Longitudinal Model-Based Meta-Analysis (MBMA) for rheumatoid arthritis with Monolix
Geraldine Ayral (1), Jonathan Chauvin (1)
(1) Lixoft, Antony, France
Objectives: Model-based meta-analysis (MBMA) uses published aggregate data from many studies to develop a study-level model and support the decision process. Because in an MBMA approach one considers studies instead of individuals, the formulation of the problem as a mixed effect model differs slightly from the typical PK/PD formulation. Here we present how MBMA models can be implemented, analyzed and used for decision support in Monolix and Simulx. As an example, we focus on longitudinal data of the clinical efficacy of drugs for rheumatoid arthritis (RA), following [1]. The goal is to evaluate the efficacy of Canakinumab in comparison to two drugs already on the market (Adalimumab and Abatacept).

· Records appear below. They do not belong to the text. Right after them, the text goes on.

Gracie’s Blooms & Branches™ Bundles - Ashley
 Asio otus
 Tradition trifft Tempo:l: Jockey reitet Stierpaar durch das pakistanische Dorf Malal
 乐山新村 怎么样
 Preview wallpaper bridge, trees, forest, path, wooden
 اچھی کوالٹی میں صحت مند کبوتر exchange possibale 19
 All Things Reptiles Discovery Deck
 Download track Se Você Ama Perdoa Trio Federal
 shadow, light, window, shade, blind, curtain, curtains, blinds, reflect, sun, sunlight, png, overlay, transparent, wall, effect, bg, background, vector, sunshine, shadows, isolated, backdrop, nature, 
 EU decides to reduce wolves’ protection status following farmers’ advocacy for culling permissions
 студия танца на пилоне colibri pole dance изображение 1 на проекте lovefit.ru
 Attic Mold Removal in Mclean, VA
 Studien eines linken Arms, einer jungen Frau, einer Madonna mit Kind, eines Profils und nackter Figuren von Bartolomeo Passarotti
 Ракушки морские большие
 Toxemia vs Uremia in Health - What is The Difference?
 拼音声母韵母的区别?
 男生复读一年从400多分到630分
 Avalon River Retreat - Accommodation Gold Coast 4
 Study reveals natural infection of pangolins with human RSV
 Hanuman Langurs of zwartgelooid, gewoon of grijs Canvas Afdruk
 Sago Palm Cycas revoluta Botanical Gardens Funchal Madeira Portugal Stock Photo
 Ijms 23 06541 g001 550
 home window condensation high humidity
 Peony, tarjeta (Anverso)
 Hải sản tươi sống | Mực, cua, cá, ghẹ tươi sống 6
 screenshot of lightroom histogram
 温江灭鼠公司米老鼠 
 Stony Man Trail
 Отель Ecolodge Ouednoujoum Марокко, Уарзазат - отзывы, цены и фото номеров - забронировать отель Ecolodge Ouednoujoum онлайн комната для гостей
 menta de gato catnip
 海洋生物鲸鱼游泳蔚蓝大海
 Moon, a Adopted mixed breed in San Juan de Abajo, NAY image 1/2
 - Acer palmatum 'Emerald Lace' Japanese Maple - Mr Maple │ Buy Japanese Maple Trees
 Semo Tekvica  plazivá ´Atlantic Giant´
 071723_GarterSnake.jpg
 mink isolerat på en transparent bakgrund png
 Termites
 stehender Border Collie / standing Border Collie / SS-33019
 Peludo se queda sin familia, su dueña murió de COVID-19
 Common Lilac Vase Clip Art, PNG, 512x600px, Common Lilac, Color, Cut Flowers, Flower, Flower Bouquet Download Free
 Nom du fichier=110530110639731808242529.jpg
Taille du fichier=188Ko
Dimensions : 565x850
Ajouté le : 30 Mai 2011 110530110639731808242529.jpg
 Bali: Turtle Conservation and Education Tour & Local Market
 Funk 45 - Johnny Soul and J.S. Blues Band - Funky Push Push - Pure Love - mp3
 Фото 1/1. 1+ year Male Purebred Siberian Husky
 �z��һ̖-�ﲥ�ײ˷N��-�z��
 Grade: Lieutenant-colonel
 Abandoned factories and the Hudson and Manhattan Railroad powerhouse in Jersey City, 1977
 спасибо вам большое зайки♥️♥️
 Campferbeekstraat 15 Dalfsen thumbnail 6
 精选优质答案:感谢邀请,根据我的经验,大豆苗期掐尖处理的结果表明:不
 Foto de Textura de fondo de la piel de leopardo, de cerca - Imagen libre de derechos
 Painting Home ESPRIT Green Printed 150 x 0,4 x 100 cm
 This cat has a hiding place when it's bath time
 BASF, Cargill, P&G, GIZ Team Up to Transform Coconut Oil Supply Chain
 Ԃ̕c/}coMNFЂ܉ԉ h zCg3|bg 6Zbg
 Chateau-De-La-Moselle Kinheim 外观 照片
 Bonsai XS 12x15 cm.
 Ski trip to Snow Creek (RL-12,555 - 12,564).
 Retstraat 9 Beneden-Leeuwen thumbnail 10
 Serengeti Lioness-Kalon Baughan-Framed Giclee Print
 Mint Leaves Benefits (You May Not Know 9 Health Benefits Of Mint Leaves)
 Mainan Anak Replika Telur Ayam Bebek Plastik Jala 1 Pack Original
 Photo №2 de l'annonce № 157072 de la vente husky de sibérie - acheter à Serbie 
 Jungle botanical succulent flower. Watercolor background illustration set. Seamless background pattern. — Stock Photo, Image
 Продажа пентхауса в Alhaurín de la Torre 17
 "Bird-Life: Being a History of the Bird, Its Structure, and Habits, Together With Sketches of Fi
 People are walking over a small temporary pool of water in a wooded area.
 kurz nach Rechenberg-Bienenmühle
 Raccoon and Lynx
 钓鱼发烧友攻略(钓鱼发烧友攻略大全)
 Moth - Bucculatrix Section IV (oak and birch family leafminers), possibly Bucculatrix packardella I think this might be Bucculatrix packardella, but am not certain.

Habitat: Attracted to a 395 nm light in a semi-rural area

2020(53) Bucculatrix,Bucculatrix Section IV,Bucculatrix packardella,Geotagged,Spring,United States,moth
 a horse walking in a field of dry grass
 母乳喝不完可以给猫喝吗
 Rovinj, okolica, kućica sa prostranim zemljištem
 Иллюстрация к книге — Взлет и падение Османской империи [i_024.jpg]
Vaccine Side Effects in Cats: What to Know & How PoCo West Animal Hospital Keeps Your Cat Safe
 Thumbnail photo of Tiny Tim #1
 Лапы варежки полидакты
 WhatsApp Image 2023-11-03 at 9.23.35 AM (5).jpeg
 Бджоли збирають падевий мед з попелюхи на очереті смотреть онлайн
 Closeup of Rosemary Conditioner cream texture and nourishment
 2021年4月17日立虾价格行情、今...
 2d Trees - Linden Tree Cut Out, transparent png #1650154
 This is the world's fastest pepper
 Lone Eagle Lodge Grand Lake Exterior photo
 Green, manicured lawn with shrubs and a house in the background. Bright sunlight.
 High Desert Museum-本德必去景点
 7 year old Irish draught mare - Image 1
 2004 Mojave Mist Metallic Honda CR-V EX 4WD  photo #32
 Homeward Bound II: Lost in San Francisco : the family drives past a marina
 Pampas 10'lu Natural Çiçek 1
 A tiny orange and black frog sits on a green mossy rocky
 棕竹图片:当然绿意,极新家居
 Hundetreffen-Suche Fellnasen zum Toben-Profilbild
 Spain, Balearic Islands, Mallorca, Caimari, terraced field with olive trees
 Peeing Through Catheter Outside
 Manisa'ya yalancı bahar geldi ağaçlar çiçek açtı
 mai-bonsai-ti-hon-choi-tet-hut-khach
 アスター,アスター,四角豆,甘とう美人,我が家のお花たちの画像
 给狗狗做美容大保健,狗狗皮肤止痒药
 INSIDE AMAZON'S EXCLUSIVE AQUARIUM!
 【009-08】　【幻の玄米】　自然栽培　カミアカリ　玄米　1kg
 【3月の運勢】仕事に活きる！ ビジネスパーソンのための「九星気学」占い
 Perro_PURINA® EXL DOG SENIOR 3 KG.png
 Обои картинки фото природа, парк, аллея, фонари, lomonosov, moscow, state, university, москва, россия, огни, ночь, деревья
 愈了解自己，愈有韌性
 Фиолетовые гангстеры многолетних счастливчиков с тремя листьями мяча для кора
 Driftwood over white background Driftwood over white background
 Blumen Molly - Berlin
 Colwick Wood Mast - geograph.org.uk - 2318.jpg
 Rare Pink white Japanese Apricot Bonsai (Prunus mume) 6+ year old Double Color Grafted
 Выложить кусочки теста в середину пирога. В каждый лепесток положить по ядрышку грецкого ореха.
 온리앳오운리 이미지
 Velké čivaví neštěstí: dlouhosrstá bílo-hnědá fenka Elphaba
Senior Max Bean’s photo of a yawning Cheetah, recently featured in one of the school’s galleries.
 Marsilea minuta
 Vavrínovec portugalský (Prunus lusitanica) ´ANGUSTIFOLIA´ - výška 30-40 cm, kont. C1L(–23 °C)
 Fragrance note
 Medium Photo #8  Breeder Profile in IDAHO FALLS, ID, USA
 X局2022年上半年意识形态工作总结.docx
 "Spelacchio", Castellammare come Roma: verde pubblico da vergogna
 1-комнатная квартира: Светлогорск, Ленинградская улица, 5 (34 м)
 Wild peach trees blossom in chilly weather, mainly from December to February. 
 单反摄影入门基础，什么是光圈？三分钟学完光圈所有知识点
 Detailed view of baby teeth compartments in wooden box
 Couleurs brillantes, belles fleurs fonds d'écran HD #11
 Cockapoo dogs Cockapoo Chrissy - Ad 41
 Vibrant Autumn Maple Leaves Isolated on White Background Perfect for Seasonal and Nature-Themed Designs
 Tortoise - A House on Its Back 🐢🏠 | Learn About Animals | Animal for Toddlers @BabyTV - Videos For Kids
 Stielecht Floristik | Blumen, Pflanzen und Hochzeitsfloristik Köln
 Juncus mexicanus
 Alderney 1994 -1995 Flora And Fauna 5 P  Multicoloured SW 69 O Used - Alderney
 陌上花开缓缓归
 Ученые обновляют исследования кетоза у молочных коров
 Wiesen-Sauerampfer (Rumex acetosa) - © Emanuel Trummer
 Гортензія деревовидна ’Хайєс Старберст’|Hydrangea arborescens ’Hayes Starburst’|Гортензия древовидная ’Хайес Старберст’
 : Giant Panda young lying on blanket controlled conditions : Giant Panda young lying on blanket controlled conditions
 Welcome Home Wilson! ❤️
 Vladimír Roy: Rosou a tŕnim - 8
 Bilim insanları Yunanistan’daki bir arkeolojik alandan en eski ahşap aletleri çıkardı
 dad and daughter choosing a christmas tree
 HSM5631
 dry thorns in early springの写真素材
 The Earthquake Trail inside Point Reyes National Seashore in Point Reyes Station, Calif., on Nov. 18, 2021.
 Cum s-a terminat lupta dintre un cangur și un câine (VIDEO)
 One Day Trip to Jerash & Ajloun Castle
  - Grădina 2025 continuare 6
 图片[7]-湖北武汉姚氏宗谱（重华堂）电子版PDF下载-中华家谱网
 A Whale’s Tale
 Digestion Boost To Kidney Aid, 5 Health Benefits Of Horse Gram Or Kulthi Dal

Methods: We first collected literature data, incorporating new studies compared to the work presented in [1]. We focus on the ACR20 as endpoint, i.e the percentage of patients achieving 20% improvement. We then formulate a longitudinal mixed effect model with: (i) an Emax structural model, (ii) between-study variability (BSV), (iii) between treatment arm variability (BTAV), and (iv) a residual error. The variances of the BTAV and residual error terms is weighted by the number of individuals per arm, which requires a careful implementation, that we demonstrate using the Monolix software. The model is then used to simulate the true effect of the three drugs, taking into account the uncertainty of the parameter estimates.
Results: The proposed model satisfactorily describe the longitudinal ACR20 data for the three drugs. After parameter estimation, the model is used to predict the chances of Canakinumab to be a more efficacious drug than Adalimumab and Abatacept. To compare the true efficacy (over a infinitely large population), we perform a large number of simulations for the 3 treatments, drawing the Emax population value from its uncertainty distribution. These simulations can easily be done using Simulx, giving the correlation matrix estimated by Monolix as argument. The results show that there are only 6% chances that Canakinumab is better than Abatacept and 16% chance that it is better than Adalimumab.
Conclusions: We have shown that chances are low that Canakinumab performs better than the two drugs already on the market. As a consequence of study [1], the development of this drug has been stopped, thus saving the high costs of the phase III clinical trials. The MonolixSuite offers a powerful environment for longitudinal MBMA analysis.
References:
[1] Demin, I., Hamrén, B., Luttringer, O., Pillai, G., & Jung, T. (2012). Longitudinal model-based meta-analysis in rheumatoid arthritis: an application toward model-based drug development. Clinical Pharmacology and Therapeutics, 92(3), 352–9.